Si pudiera, el mismo Bolívar habría deseado haber muerto definitivamente y para siempre para evitar que gente autocrática escondiese sus trapacerías y demagogias bajo la montura de su caballo; aludo a los mediocres y ávidos caudillos civiles y militares que han ensuciado la historia del país venezolano a lo largo del siglo XIX, del XX y de lo que corre del XXI. Si algo me crispa y me repugna es ver a los dictadores venezolanos tratar con cordialidad al Libertador y a este saludarlos desde el caballo.

¡Tampoco resultó una perita en dulce! Fue hombre de corta estatura, pero de fuerte carácter y voluntad, un guerrero al que no le temblaba la voz para mandar a fusilar a cualquier inocente sospechoso de ser enemigo. Todavía es mal vista, entre otras «debilidades» suyas, la prisión de Miranda, el fusilamiento de Piar o el Decreto de Guerra o Muerte.

La iglesia que los conservadores de piel dura inventaron para ponderarlo y convertirlo en superhombre idolatrado terminó por crear un heroico perfil grecolatino que Chávez, el zambo de Barinas, alteró lo suficiente buscando que se le pareciera.

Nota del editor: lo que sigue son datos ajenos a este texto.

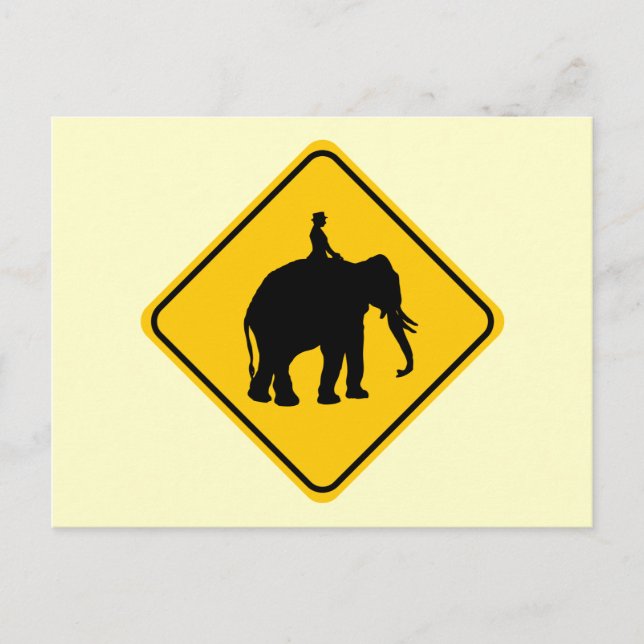 Elephantback Rider Crossing Postcard (Front)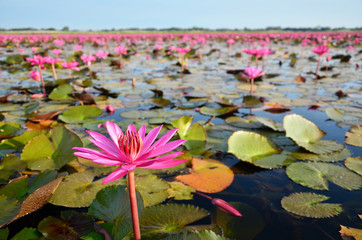 Panele Szklane  Duża grupa kwiatów lotosu w jeziorze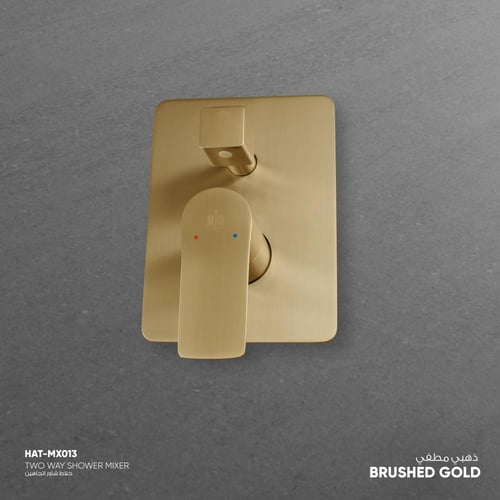 خلاط دش ثنائي الاتجاه MX013S
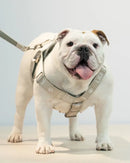 Liu Jo - Harness H-1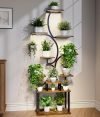 Plant Stand Indoor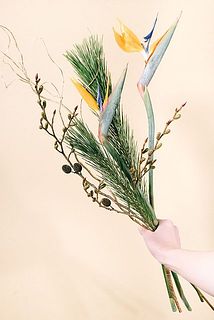 迎春アレンジ・ストレチア3点 ストレチア・リリーアレンジ | Flower Art Shop サエラ
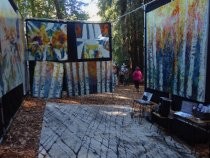 Fall Arts Festival open air artist booth, 2019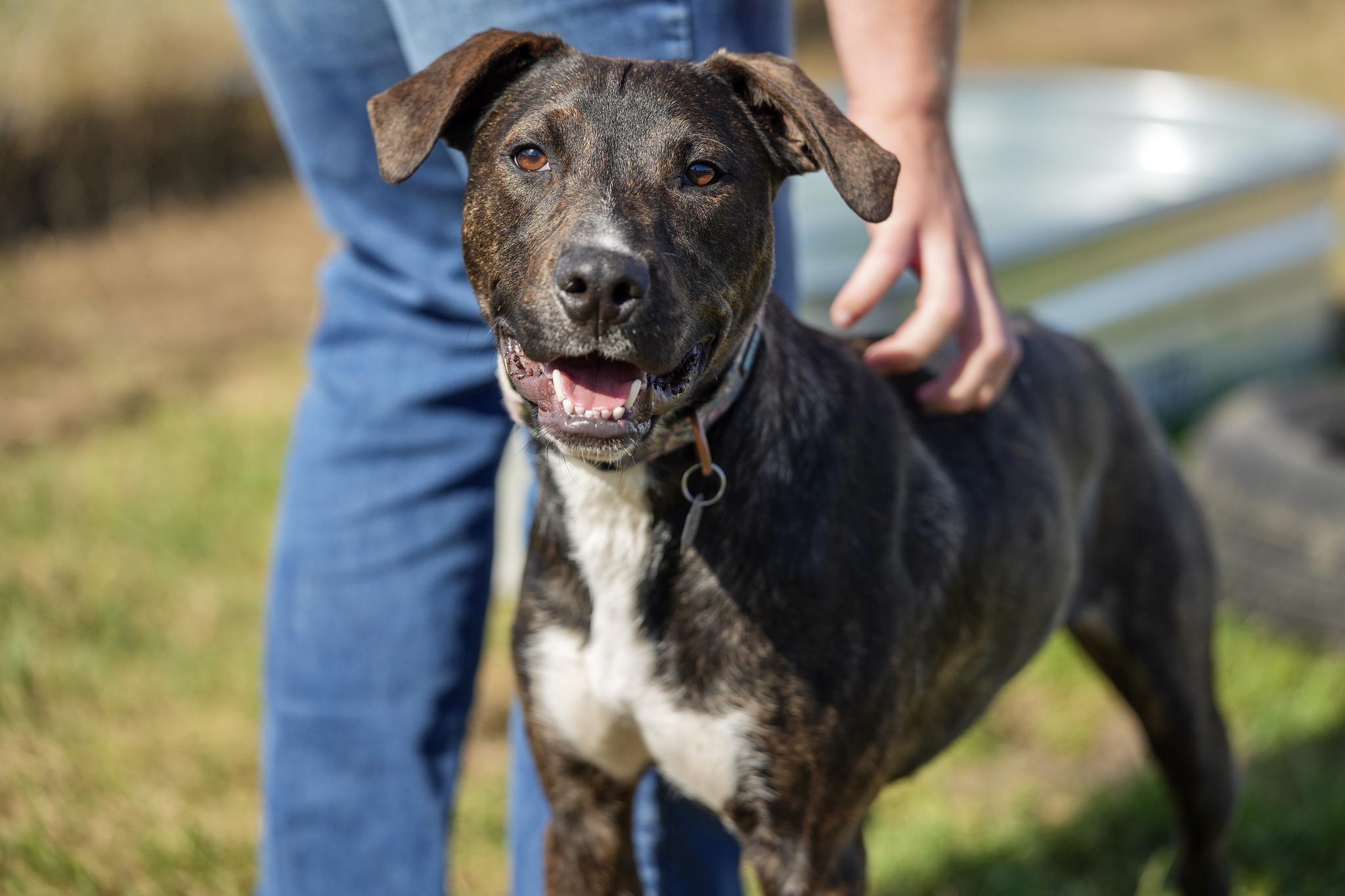 Enlarge Hamilton, a ADOPTABLE Mixed Breed in Davenport, IA image 3/5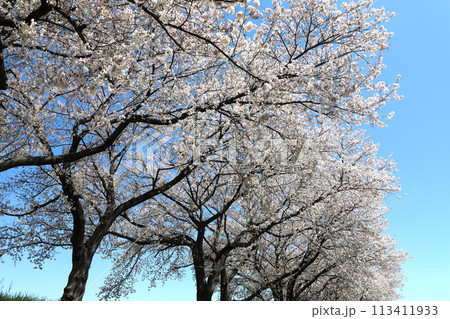 青空に映える桜 青空に映える桜 113411933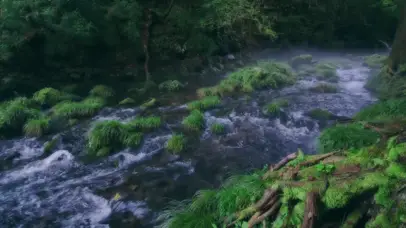 4K治愈小溪流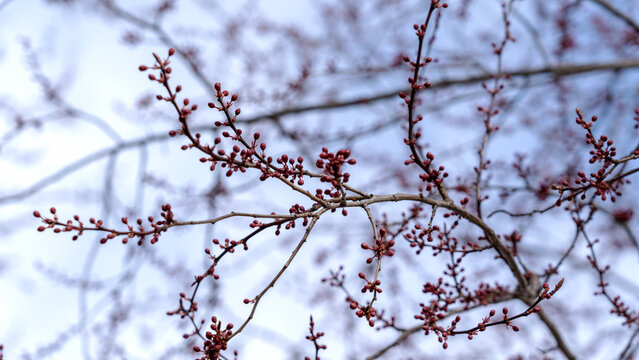 Bare branches hold tiny red berries against a pale sky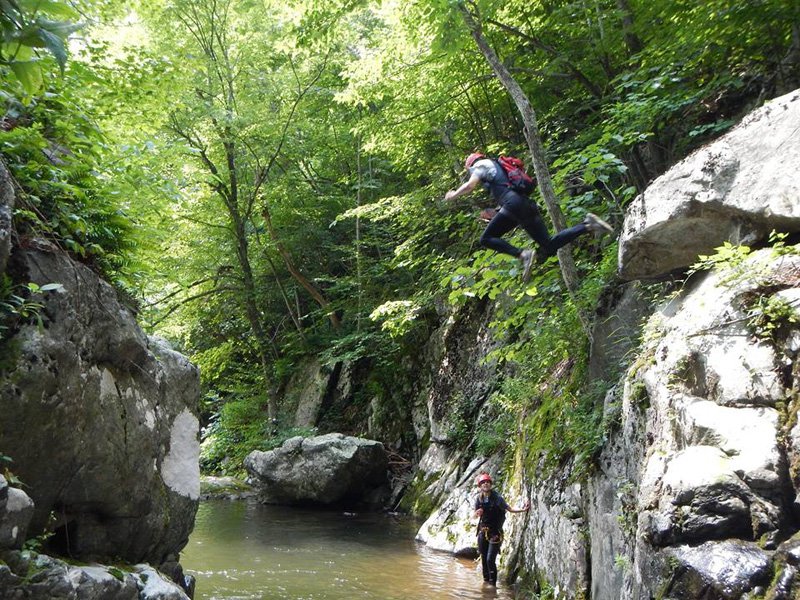 Free Falling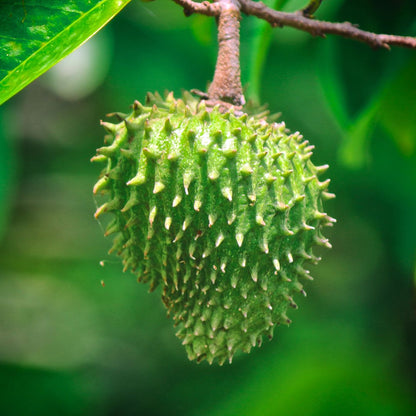 Botanica Gaia Bio Soursop Seed CO2 Carrier Oil | Annona Muricata | For Skincare and Haircare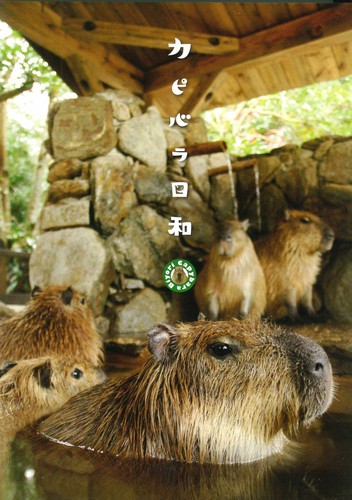 Capybara weather dvd - capybara,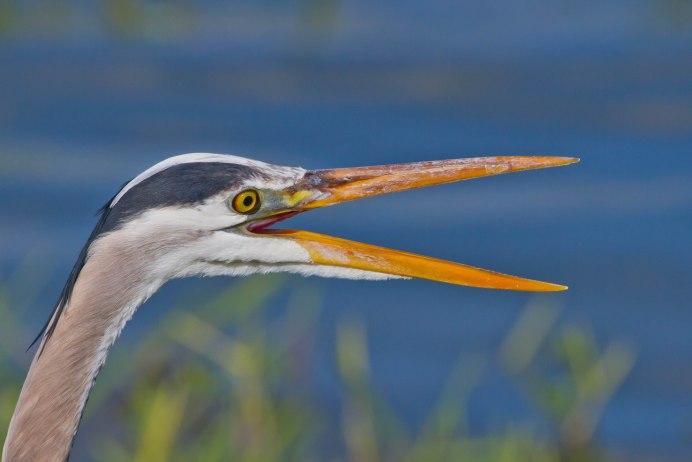 Голова Цапли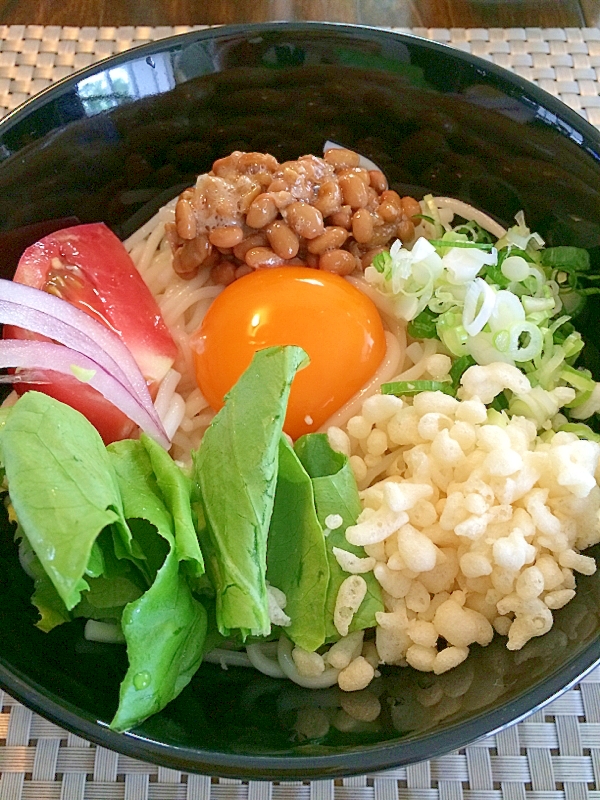 ぶっかけサラダうどん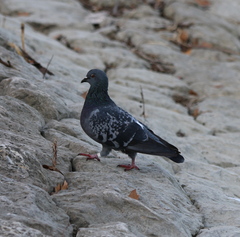 Columba livia domestica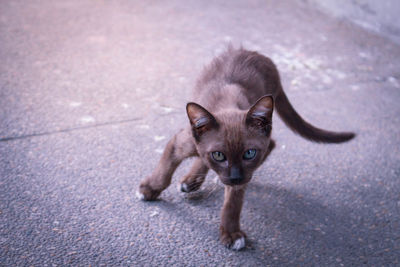 Portrait of cute cat on road in city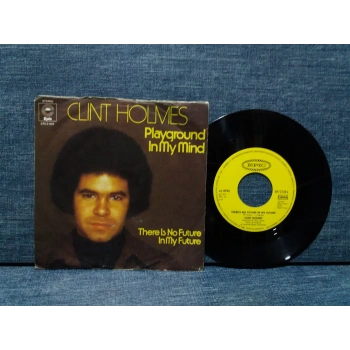 CLINT HOLMES PLAYGROUND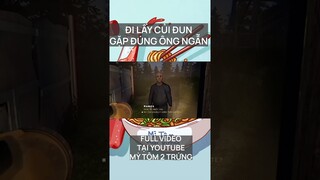Đi lấy củi đun gặp đúng ngẫn ngợ | Fears to Fathom Ironbark Lookout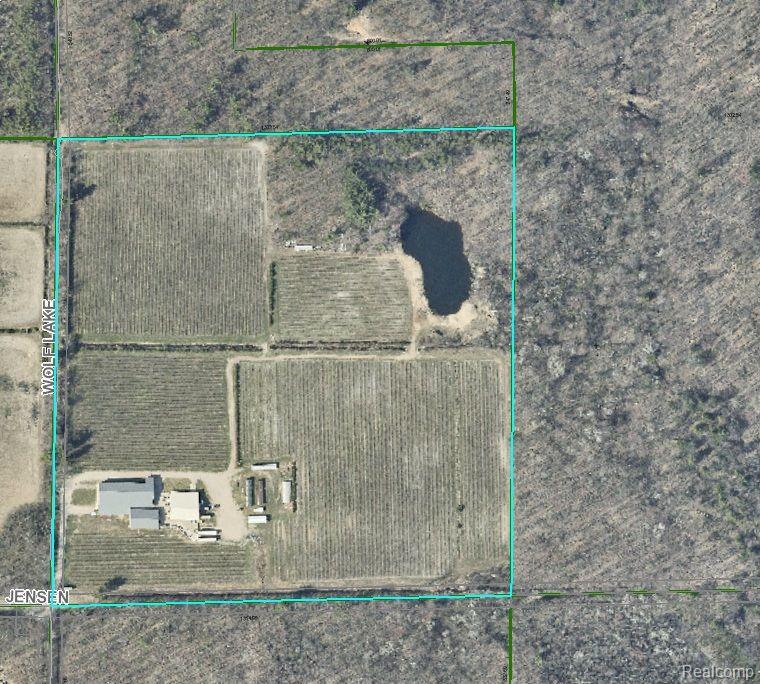 6080 Jensen Road, Fruitport, MI 49415 — Photo 8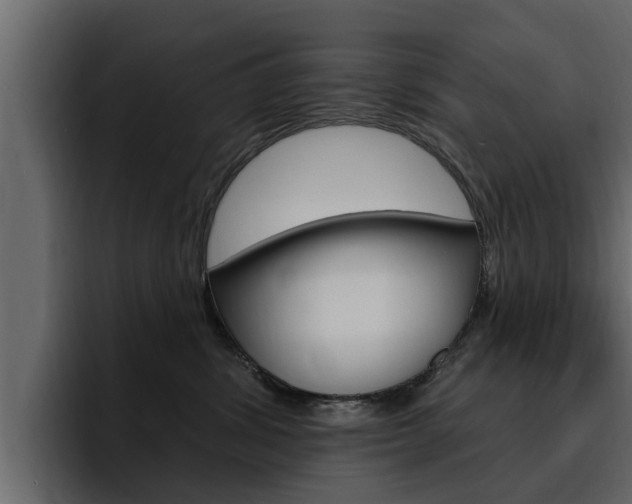 X0000095550428200712140939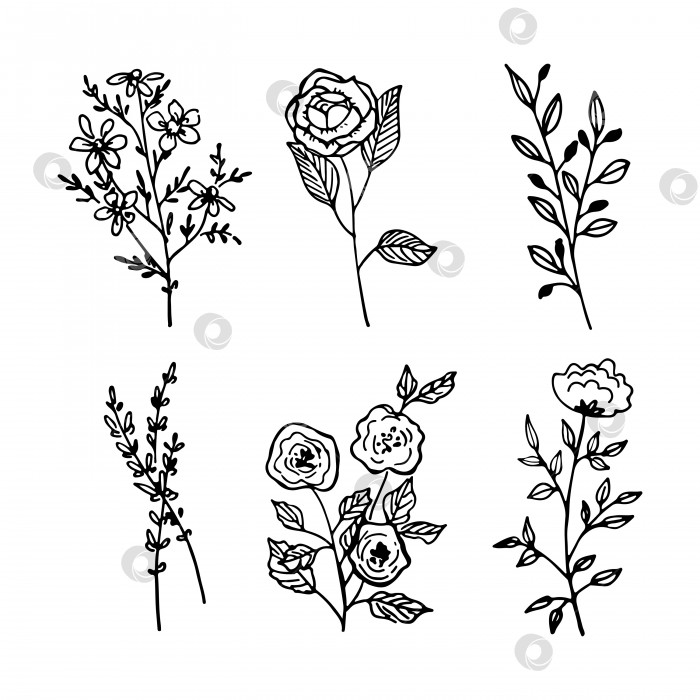 Скачать Набор нарисованные вручную винтажные цветы с листьями розами лавандой ромашкой. Скетч природные весенние рисунки фотосток Ozero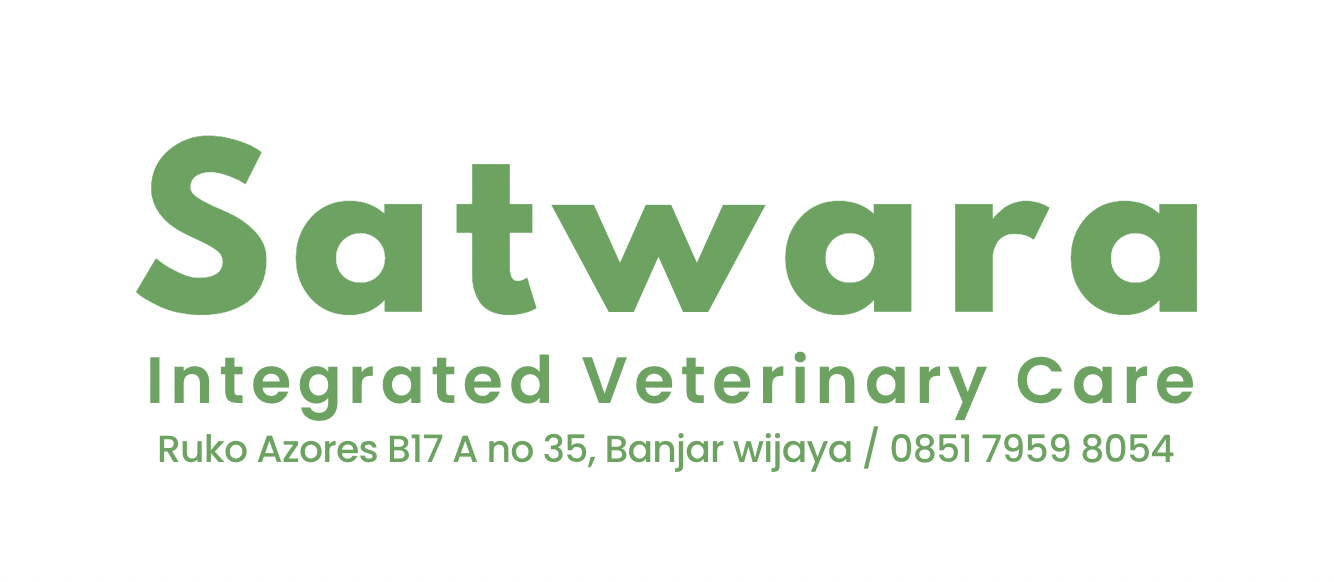 Daily Pet Care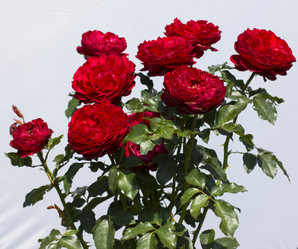 Similar image 6352190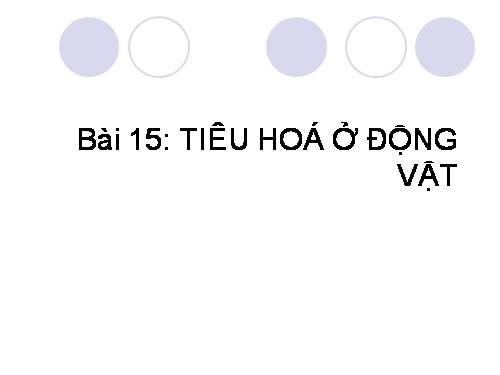 Bài 15. Tiêu hoá ở động vật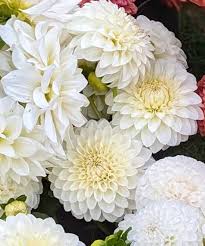Image result for Dahlia `Snowflake`
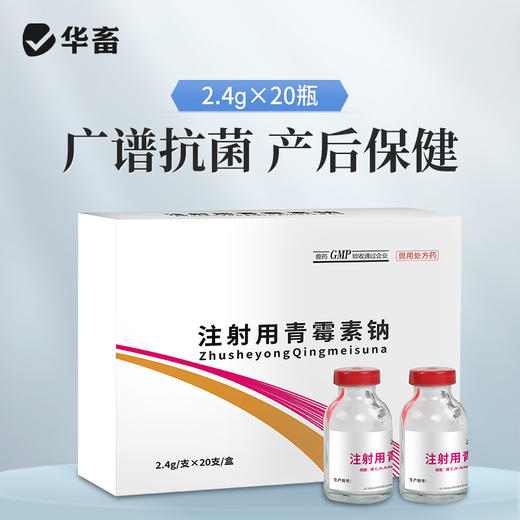 【社群专享】华畜兽药 400万注射用青霉素钠2.4g*20支 抗菌消炎 广谱药 商品图0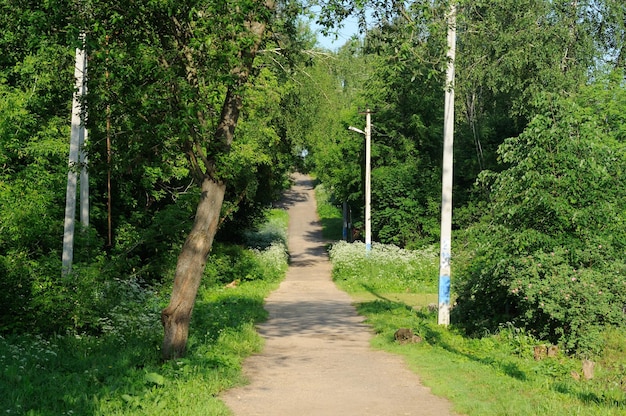 Een rustige straat in een klein dorpje op een zomerochtend Moskou regio Rusland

Hago mías las palabras del escritor mexicano Carlos Fuentes: «Los españoles de la Conquista y de la Colonia se robaron todo, ¡pero dejaron un idioma!». Ese tesoro quedó en manos no de Bolívar que era militar sino de Andrés Bello que era humanista e iba a ofrecernos su español de América y dar entrada a una gramática que en lugar del pretérito imperfecto incorporaba el copretérito. Fue a dar a Chile y allí hizo lo que todos sabemos.

Ambos son Padres venerables pero en los actuales y desaforados tiempos venezolanos, regidos por un civil con tenebrosa alma militar, prefiero al humanista y no al guerrero. La autocracia, en todo caso, gusta mantener a Bolívar vivo y a caballo saludando con el sombrero porque se ha apropiado de su imagen, tiende a hacerla cómplice de los estragos y le desagrada verlo morir el 17 de diciembre.